Davis Street Station
Federally Funded and Completed in 1994
Source: http://www.chicago-l.org/stations/davis.html

Evanston, a fairly affluent inner-ring suburb, nonetheless had to deal with a dying commercial core and rising taxes well into the 1990s. It was able to revive its downtown and improve its financial standing by leveraging its urban assets -- multi-modal transit access, a safe and vibrant 24 hour district supported by high residential density -- to effectively compete with low-density, low-tax suburban municipalities.


Evanston as A Model for Hyde Park: Parallels and Limits

There are a few very large differences between Hyde Park and Evanston that should be noted at the outset. Hyde Park is not a municipality with the power to collect taxes, issue bonds, and fund major public goods like the new Evanston Public Library. And unlike Evanston, Hyde Park is not a gateway to a string of wealthy northern suburbs, but is surrounded by considerably poorer neighborhoods.

But there are real parallels that make it worthwhile to look closely at how Evanston was able to turn itself around, and ask if the same strategies could be replicated in Hyde Park. The parallels can be grouped into the categories of disadvantages and advantages.

Like Evanston, Hyde Park proper has relatively few large lots open for development. This offers a strong incentive to develop for density, to build up where it is difficult to build out. Like Evanston, Hyde Park is moderately isolated from major expressways and airports (unlike certain suburban localities), has suffered from population loss and stagnation, and has experienced severe erosion of its commercial center.
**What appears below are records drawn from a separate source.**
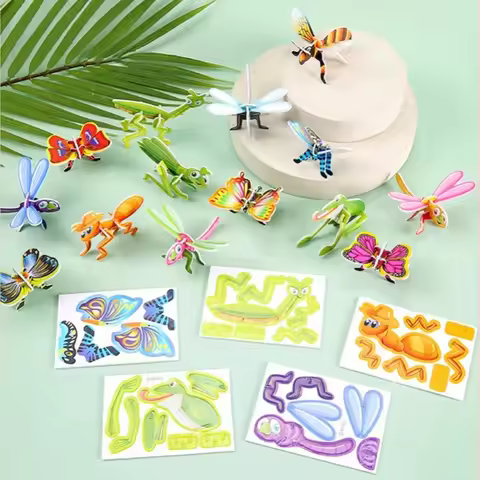 25PCS Funny Insect Paper Jigsaw Puzzles Educational Toys For Kids Birthday Party Favors Giveaway Sch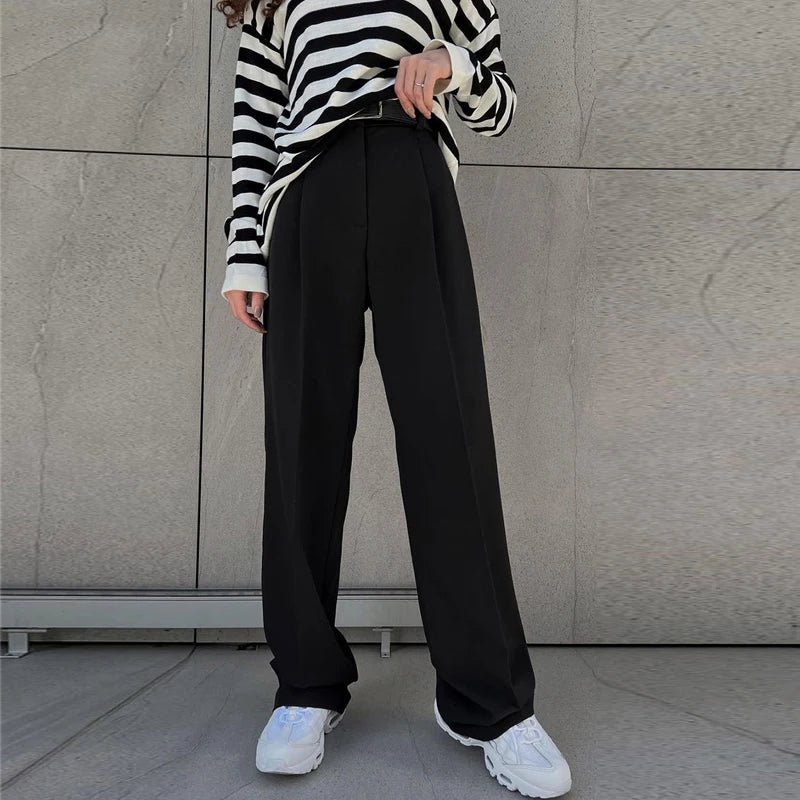 Fall 2025 Elegantcore High Waisted Black Straight Trousers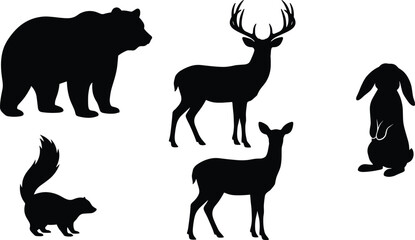 North American Wildlife Silhouettes Vector Set, Diverse Forest Animals Black Outline, Including Bear, Deer, Skunk, and Rabbit, Graphics for Nature, Hunting, and Conservation Concepts.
On the positive side, both communities are attractively situated on the shore of Lake Michigan, which has historically been a zone of higher-density development. Both lie at comparable distances from downtown Chicago (Hyde Park is 2 miles closer). Both communities are known for their diversity, though Hyde Park is considerably smaller (Evanston has 74,000 residents to Hyde Park's roughly 50,000). Both communities are well served by north-south heavy rail lines. Although Hyde Park has no CTA rail link within its borders, it does have several heavily used bus routes, and more convenient access to Lake Shore Drive.
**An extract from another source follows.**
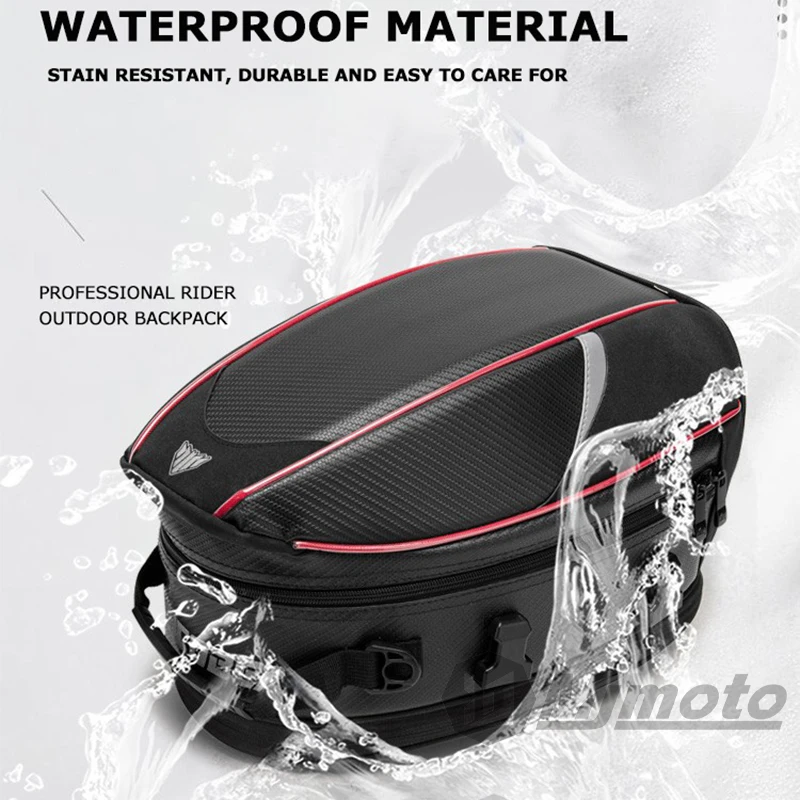 دراجة نارية حقيبة المقعد الخلفي مقاوم للماء سعة كبيرة دراجة نارية الذيل حقيبة عالمية دراجة نارية السفر الأمتعة السرج حقيبة #4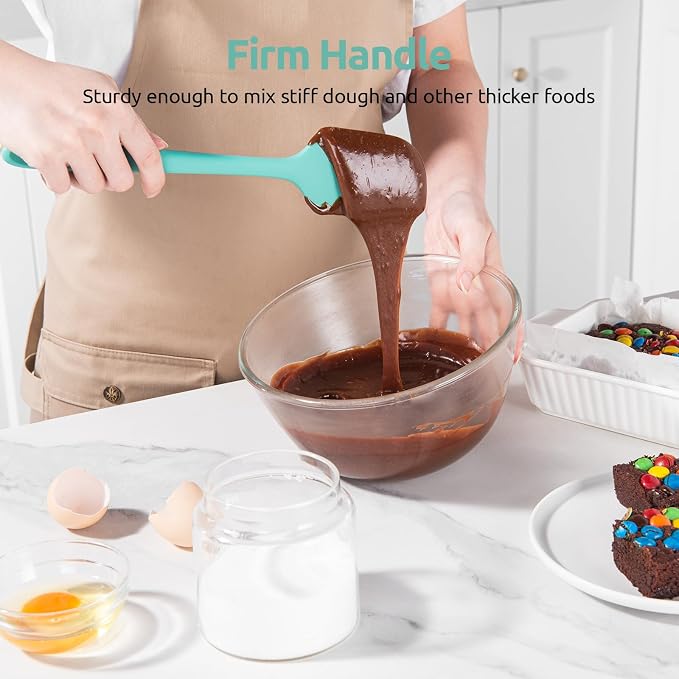 U-Taste Multicolors 18/8 Stainless Steel Measuring Cups and Spoons Set of 10 and Aqua Sky 600ºF High Heat-Resistant Silicone Spatula Set of 4 - Image 9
Evanston and Hyde Park, of course, both host major private universities, both of which play large supporting roles in the local economies, and both neighborhoods are known for their charming architecture, walkable layout, and notable historic districts.

Finally, although Hyde Park is a city neighborhood and not a revenue-gathering municipality, it is conceivable that the revenue-gathering 53rd Street TIF District, at the direction of a focused and determined 4th Ward alderman, and with the active support and foresight of Chicago planning agencies, could help spark, finance, and manage the multiple partnerships that any significant development centered on Harper Court will require.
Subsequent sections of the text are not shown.